I think I'm familiar with that and I will try that option too.
In meanwhile I found another interesting problem. I tried to annotate
document and web page. With web page, I tried
IOUtils.write(byte[], out) and I had to convert URL to byte[]:
public static byte[] GetBytesFromURL(String _url) throws IOException
{
GetMethod get = new GetMethod(_url);
InputStream t_is = get.getResponseBodyAsStream();
byte[] buffer = new byte[1024];
int count = -1;
Reader t_url_reader = new BufferedReader(new
InputStreamReader(t_is));
byte[] t_bytes = IOUtils.toByteArray(t_url_reader, "UTF-8");
return t_bytes;
}
But, the problem is that I'm getting null for InputStream.
Any ideas?
Best,
Srecko
-----Original Message-----
From: Rupert Westenthaler [mailto:[email protected]]
Sent: Wednesday, January 11, 2012 22:08
To: Srecko Joksimovic
Cc: [email protected]
Subject: Re: Annotating using DBPedia ontology
On 11.01.2012, at 21:41, Srecko Joksimovic wrote:
Hi Rupert,
When I load localhost:8080/engines it says this:
There are currently 5 active engines.
org.apache.stanbol.enhancer.engines.metaxa.MetaxaEngine
org.apache.stanbol.enhancer.engines.langid.LangIdEnhancementEngine
org.apache.stanbol.enhancer.engines.opennlp.impl.NamedEntityExtractionEnhanc
ementEngine
org.apache.stanbol.enhancer.engines.entitytagging.impl.NamedEntityTaggingEng
ine
org.apache.stanbol.enhancer.engines.entitytagging.impl.NamedEntityTaggingEng
ine
Maybe this could tell you something?
This are exactly the 5 engines that are expected to run with the default
configuration.
Based on this the Stanbol Enhnacer should just work fine.
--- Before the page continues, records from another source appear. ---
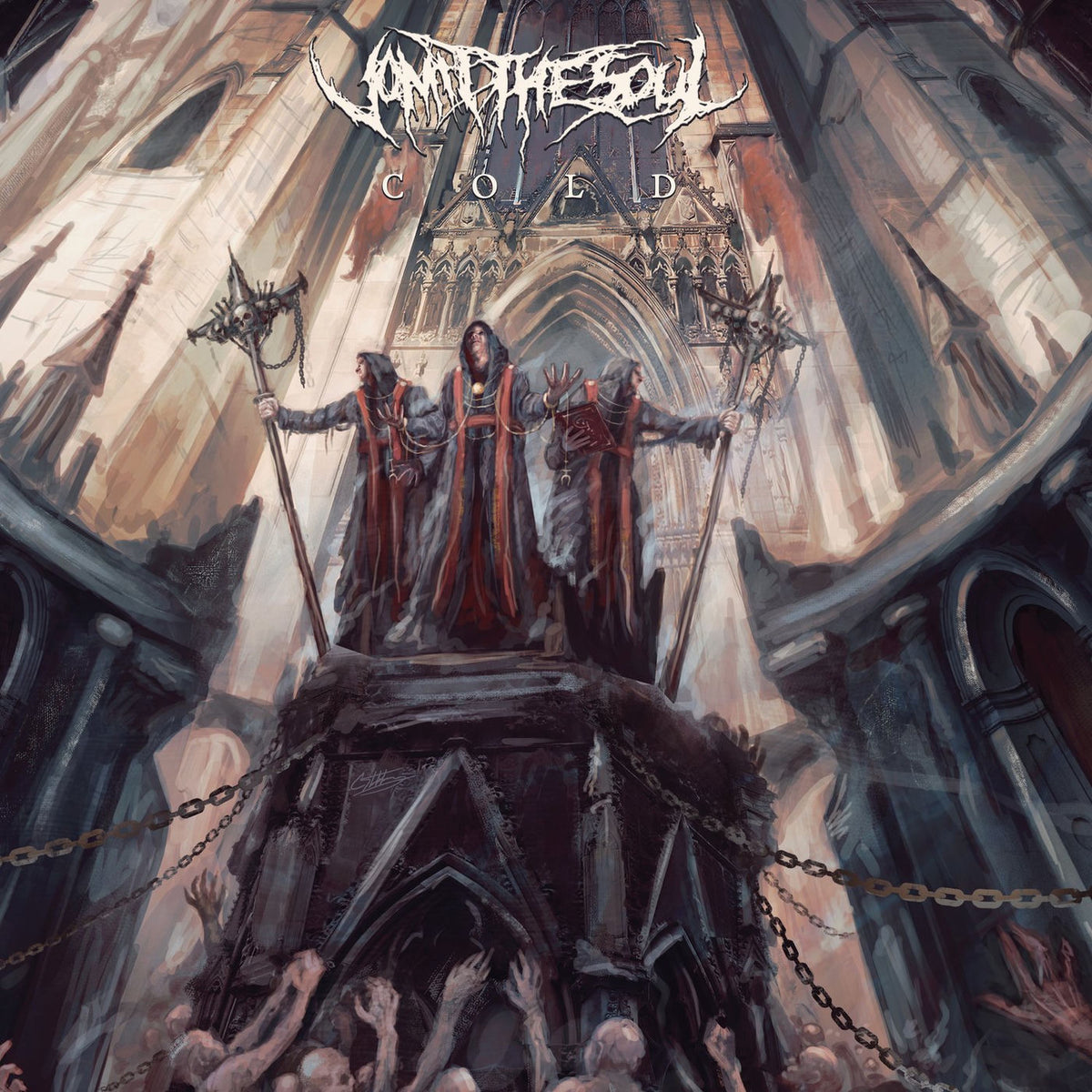 Vomit the Soul – Cold vinyl record cover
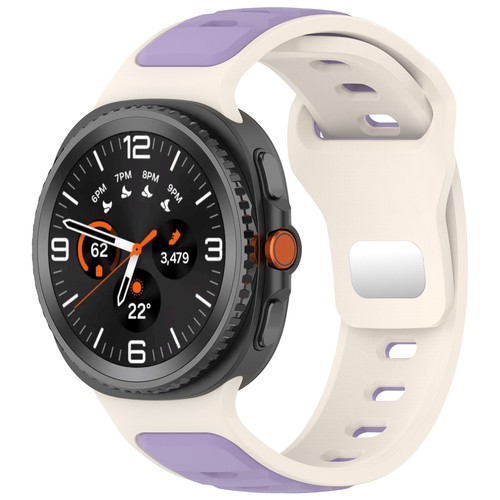 Bracelet sport en silicone bicolore pour Samsung Galaxy Watch8 Classic - Photo 63 sur 64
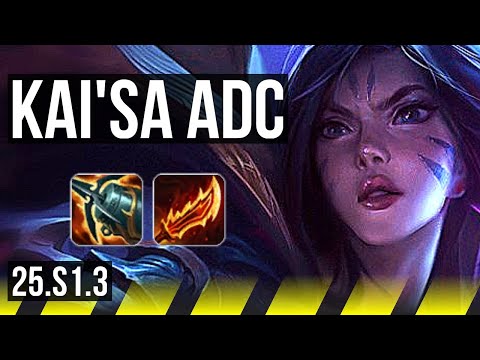 KAI'SA & Pantheon vs CAITLYN & Elise (ADC) | 8/0/6, Legendary | NA Master | 25.S1.3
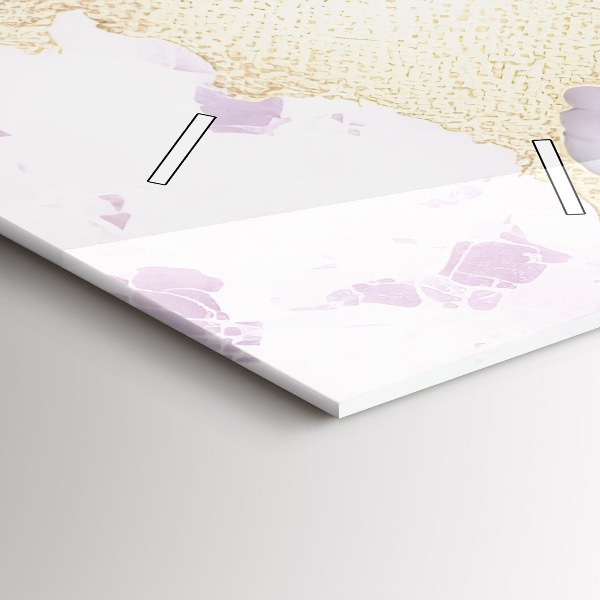 Vertikálne hodiny Pastelový mramor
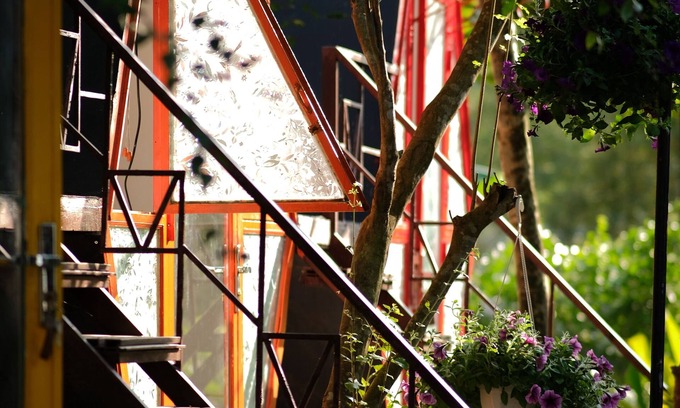 Huong Thuy House | Honeycomb Bungalow: Secluded Garden Retreat at an Authentic Village Homestay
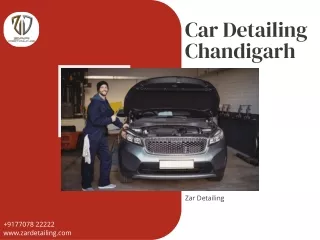 The Car Detailing Masters in Chandigarh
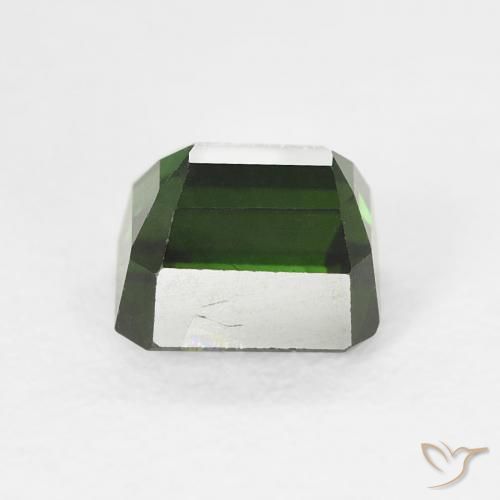 Turmalina Verde floresta Natural 1.23ct, Corte Octógono / Esmeralda, VS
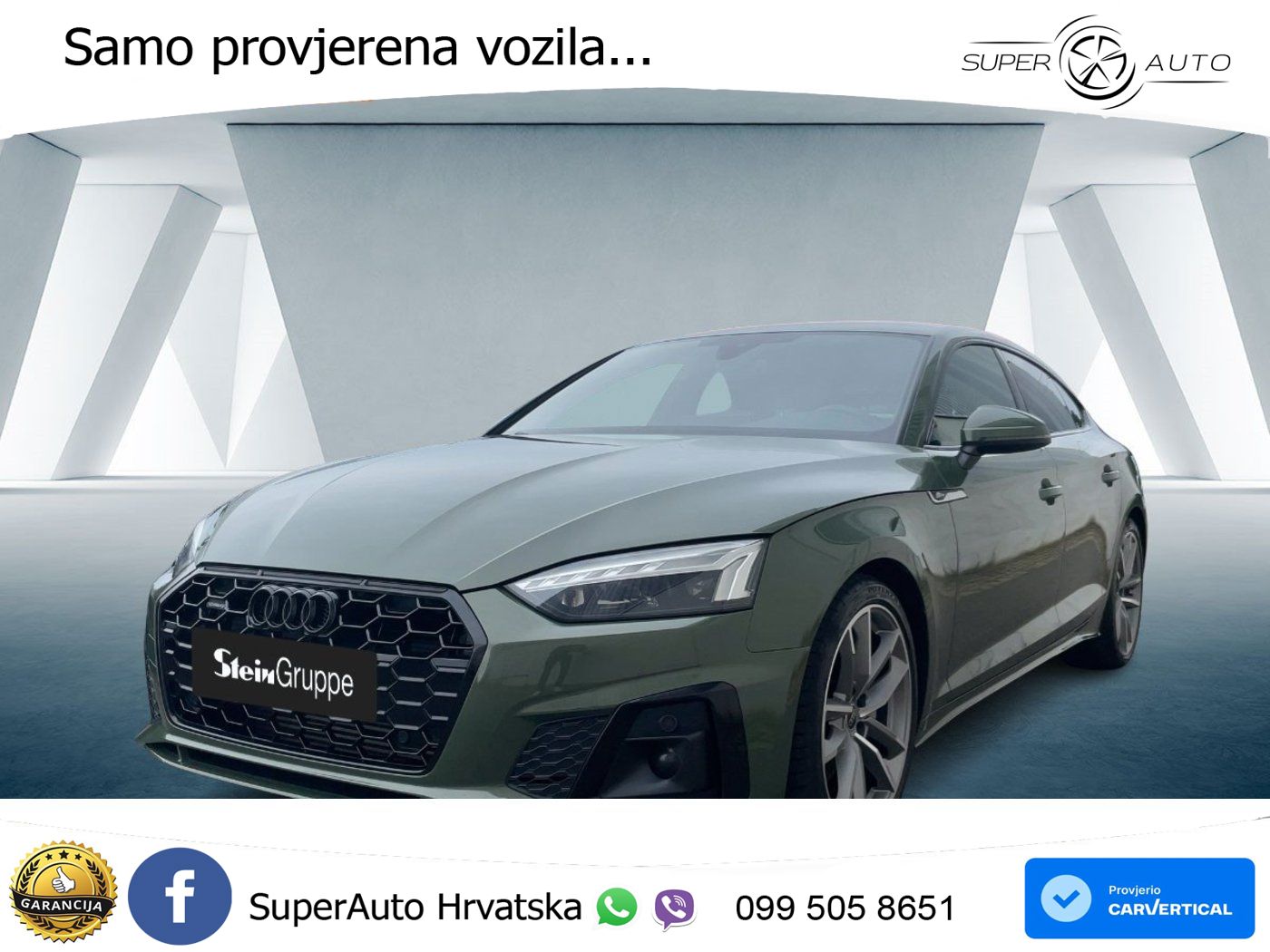 Audi A5 Sportback 45 TFSI (265 KS) quattro S tronic S line MATRIX+GR SJED+KAM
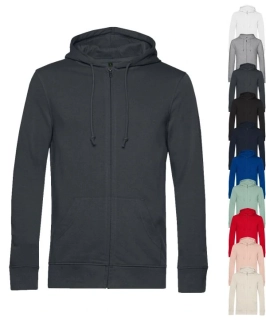 Pánska mikina s kapucňou INSPIRE ZIPPED HOOD B&C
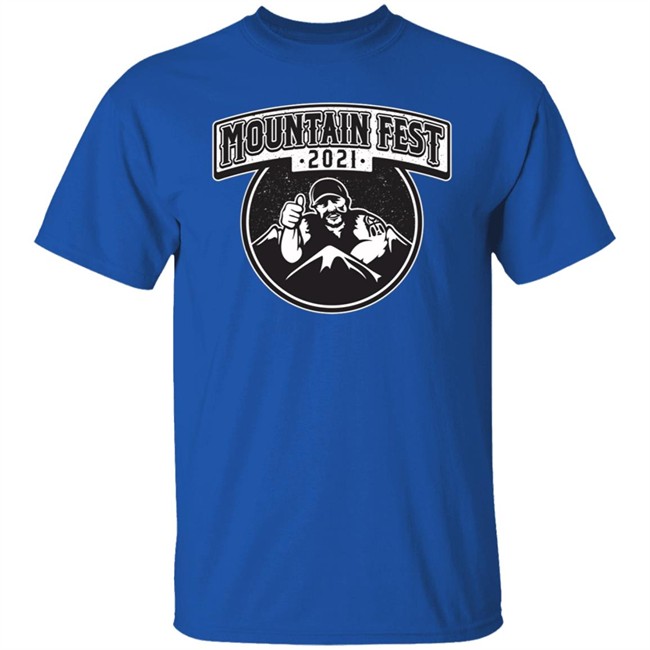 Mountain Fest 2021 Tom To Fitch Logo Tee Shirt Mountain Fest 2021 Tom To Fitch Logo Tee Shirt
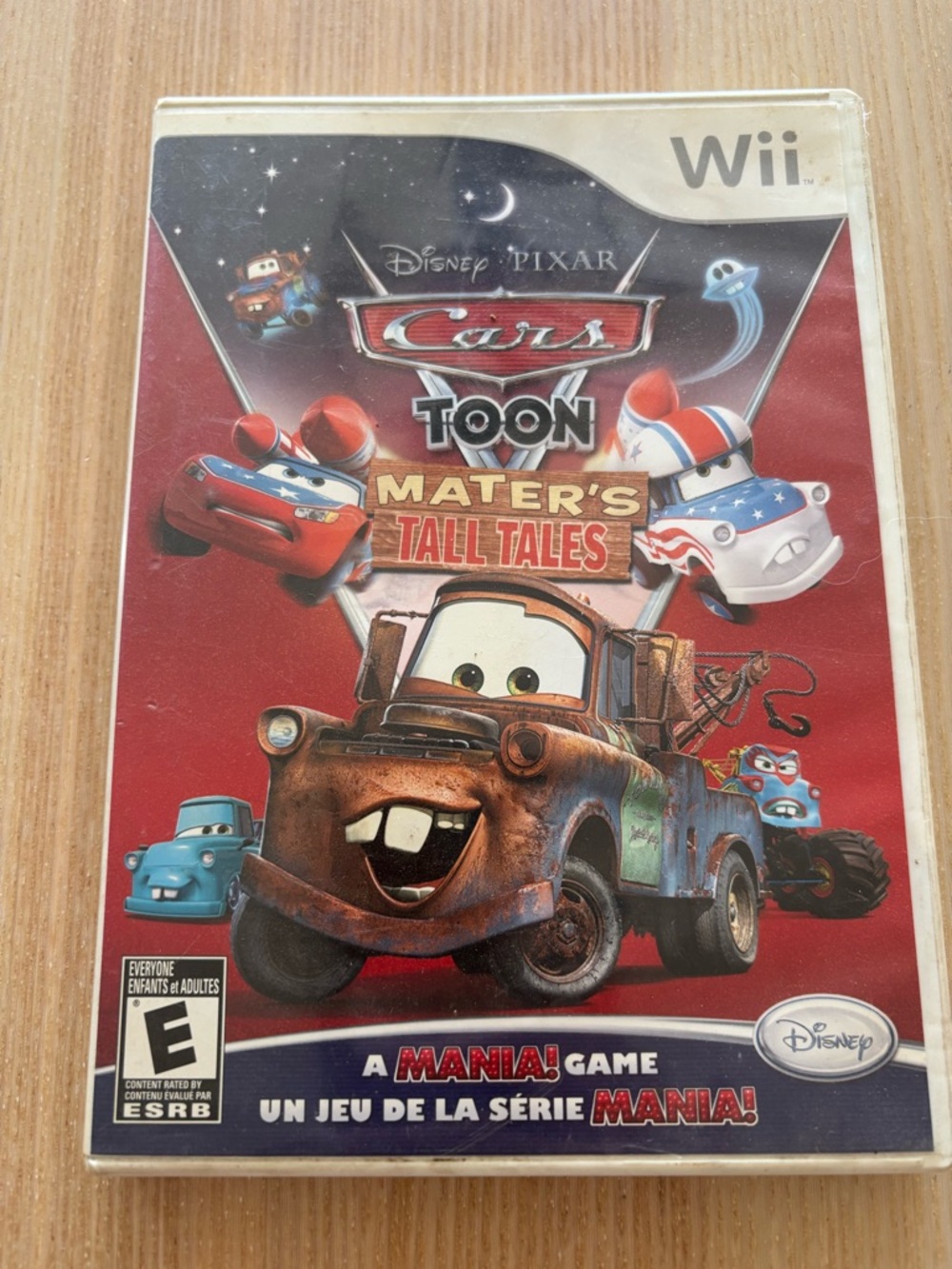 Disney Pixar Cars Toon Mater’s Tall Tales game for Nintendo Wii (Q)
After looking at the the text you enhanced I noticed however that is
does
not mention
any named entities such as Persons, Organizations and Places. So I
checked
it with
my local Stanbol version and was also not any detected entities.
So to check if Stanbol works as expected you should try to use an other
text
the
mentions some Named Entities such as
"John Smith works for the Apple Inc. in Cupertino, California."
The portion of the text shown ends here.